The god of Abraham is ruled out by the fact that the things it is said to have done didn't happen. If there's a god, it isn't the one described as having created the universe in six days, creating the kinds and the first two humans, confounding humanity with families of mutually incomprehensible languages, or flooding the earth. You know what happened. If there's is a god, it did that, not all of these things that never happened.
Others have tried to mitigate that argument by arguing that one is not to believe the stories - to treat them as allegories rather than actual historical accounts and then the god can come alive. Well, yeah, if we can change the meaning of words, we can make the claims not incorrect, but then they words describe another god or no god.
This is how the Christians argue that Jesus is the prophesied Hebrew messiah and Jesus are the same person - they simply redefine the meaning of the words of prophecy. Mortal human? It doesn't really mean that. A demigod fulfills prophecy. Radically changed the world in his lifetime? That's Jesus all right - the greatest reformer of all time notwithstanding the apparent fact that without Paul and Constantine, this religion would likely not be remembered after the first century CE except perhaps in scholarly works.
Do you find a flaw in this argument?
I wil call it ImpossibleWithoutGod
Nothing that is known to be possible is known to require a god to make it possible. Sorry, but this god is still looking for a job in reality - something it is needed to explain. Right now, we still don't have good answers for where the earliest universe came from, why it began expanding 13+ billion years ago, what dark matter and energy are, and where the first life came from. But the gaps in knowledge are narrowing every year. It appears that no gods are needed to account for nature. They aren't causing the thunder or dragging heavenly bodies through the skies. We don't need them for electrons to pass through circuits, for night to turn to day, or to breathe life into newborns. So what DO we need it for?
Christianity, the largest religion in the United States, experienced a 20th-century high of 91% of the total population in 1976. This declined to 73.7% by 2016 and 64% in 2022.
Yes, which alone can account for the decline in Abrahamism in the West, since the other three Abrahamic religions (I'm including the Mormons and JWs with the Christians) altogether are just a few percent of Western Abrahamics - Jews, Muslims, and Baha'i
There is no such thing as the God of the Bible..... there is just God, the God of all the great religions.
These gods are all quite distinct. Christianity's god had a son and sent a messiah, but neither the Jewish deity or the Muslim deity did, nor did yours to my knowledge. How often do you tell me what Baha'is don't believe that these others do? Your god is different than theirs.

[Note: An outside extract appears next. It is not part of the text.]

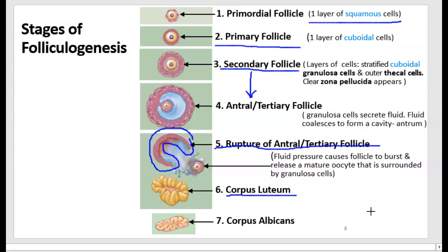After the oocyte surrounded by granulosa cells is released, the remaining follicle cells transform into a structure called the corpus luteum. The corpus luteum still has living cells that produce ovarian hormones. If pregnancy occurs, the corpus luteum will be maintained throughout pregnancy. If pregnancy doesn't occur, it will eventually degenerate, become scar connective tissue, and that is called a corpus albicans.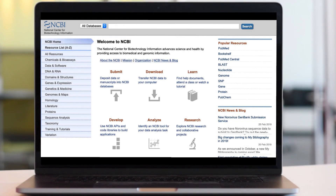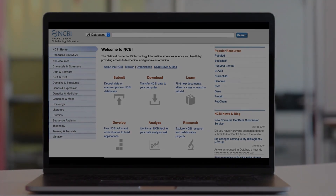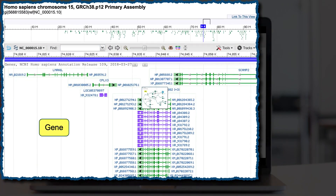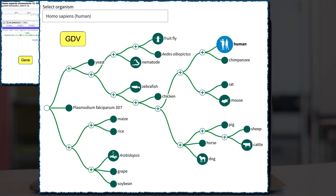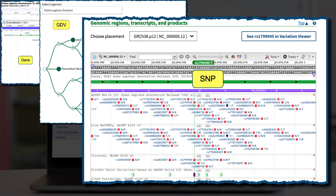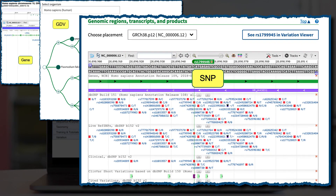This is a quick tutorial on some handy track display settings in our graphical viewers. We embed the viewer into many resources at NCBI, so whether you start in a gene record, the Genome Data Viewer, or in one of our other sequence viewers, these settings can be key to your analyses.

You answered that? He asked, "Was evolution gradual or was it by hopeful monsters?" I couldn't think of what that might have meant that would make it sensible. He's a creationist, so he likely believes that life "evolved" in six days at the hands of a god many consider monstrous, but I doubt he meant that - evolution versus his god.
Nevertheless, Dawkins said it well: "The god of the Old Testament is arguably the most unpleasant character in all fiction: jealous and proud of it; a petty, unjust, unforgiving control-freak; a vindictive, bloodthirsty ethnic cleanser; a misogynistic, homophobic, racist, infanticidal, genocidal, filicidal, pestilential, megalomaniacal, sadomasochistic, capriciously malevolent bully."
God did not write the Bible so there is no reason to believe that any of these stories are literally true.
We're in accord there. Yet as you can see, many do believe these stories.